Goal of the exercise> Reproduce the records below exactly; the images should not appear.

+ + + + + + +

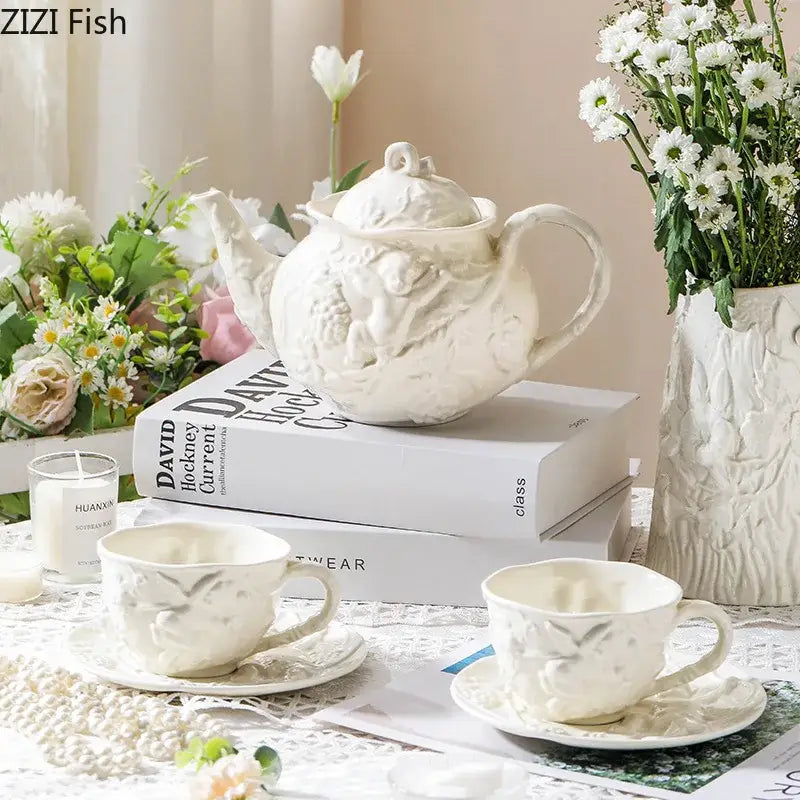 White ceramic angel relief ceramic teapot with intricate cherub and foliage detailing on stacked books from decorbites relief ceramic tableware set
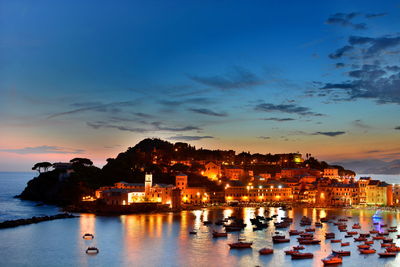 High angle view of boats moored on sea against illuminated buildings at sunset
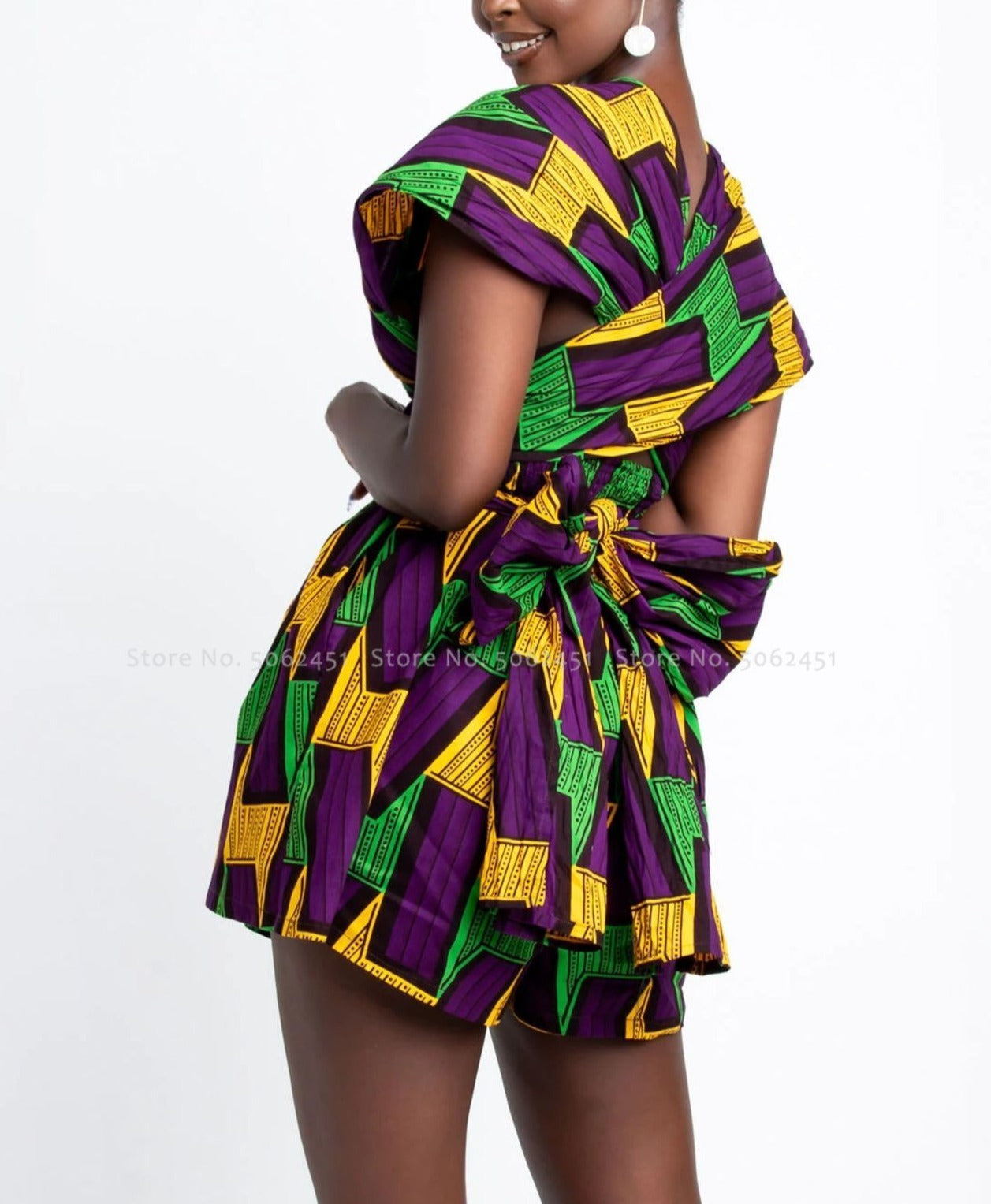 Sexy and stylish summer dress made of comfortable polyester fabric. Versatile design can be styled and worn to your liking. Combination of purple, green and yellow and available in various sizes. Order now while supplies last!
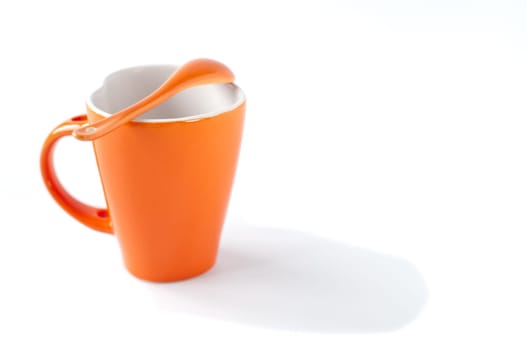 orange empty ceramic cup and spoon isolated on white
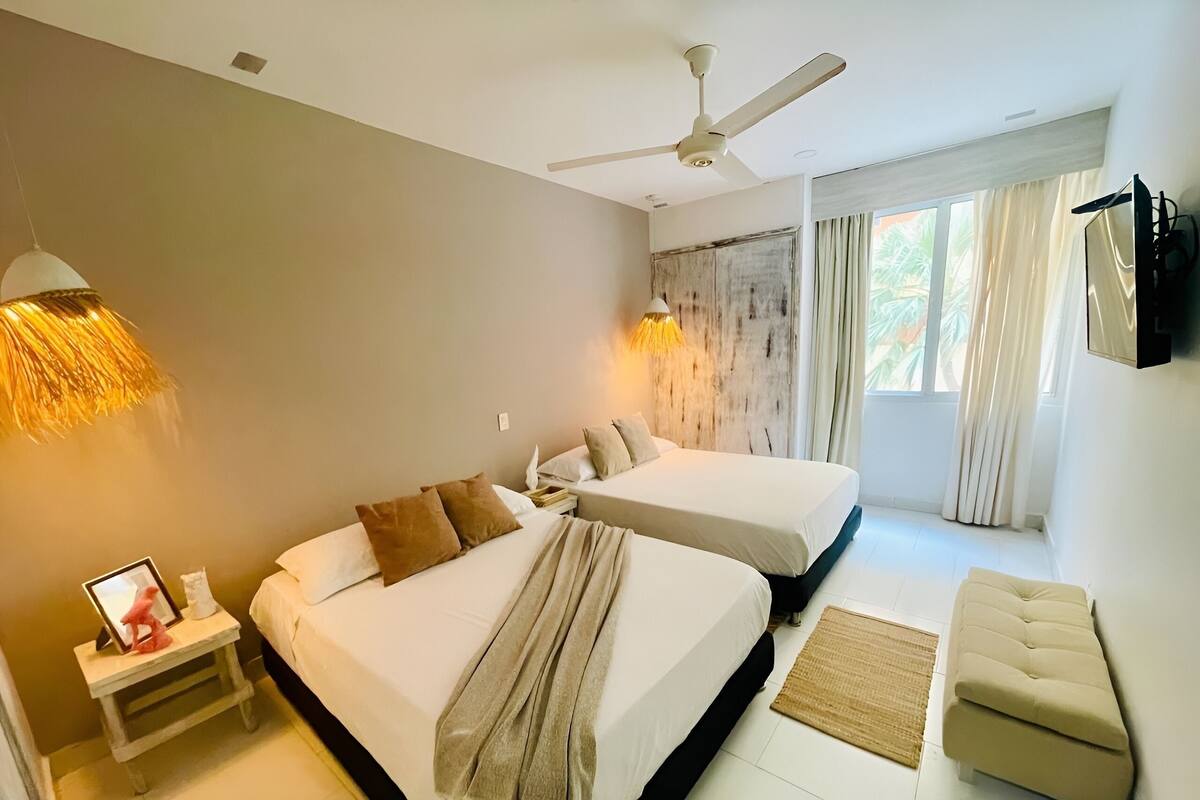 Quarto de hotel com duas camas, um ventilador de teto, televisão e janela com cortinas.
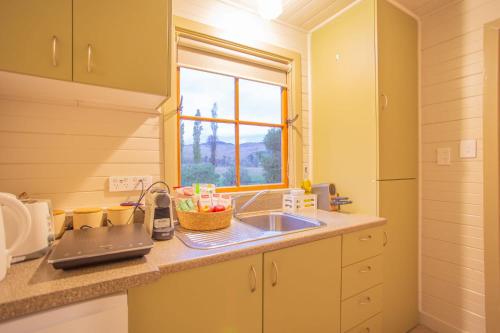 a kitchen with a sink and a window at Villa City Break for couples 27 mins CHC Airport in Christchurch
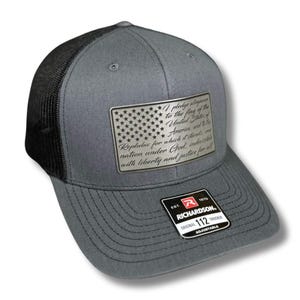 May include: A gray and black trucker hat with a silver metal patch featuring the Pledge of Allegiance and a stylized American flag. The hat is adjustable and has the Richardson logo on the back.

+ + + + + + +

Expected answer>
 White ceramic angel relief ceramic teapot with intricate cherub and foliage detailing on stacked books from decorbites relief ceramic tableware set
 High angle view of boats moored on sea against illuminated buildings at sunset
 Sexy and stylish summer dress made of comfortable polyester fabric. Versatile design can be styled and worn to your liking. Combination of purple, green and yellow and available in various sizes. Order now while supplies last!
 orange empty ceramic cup and spoon isolated on white
 Quarto de hotel com duas camas, um ventilador de teto, televisão e janela com cortinas.
 a kitchen with a sink and a window at Villa City Break for couples 27 mins CHC Airport in Christchurch
 May include: A gray and black trucker hat with a silver metal patch featuring the Pledge of Allegiance and a stylized American flag. The hat is adjustable and has the Richardson logo on the back.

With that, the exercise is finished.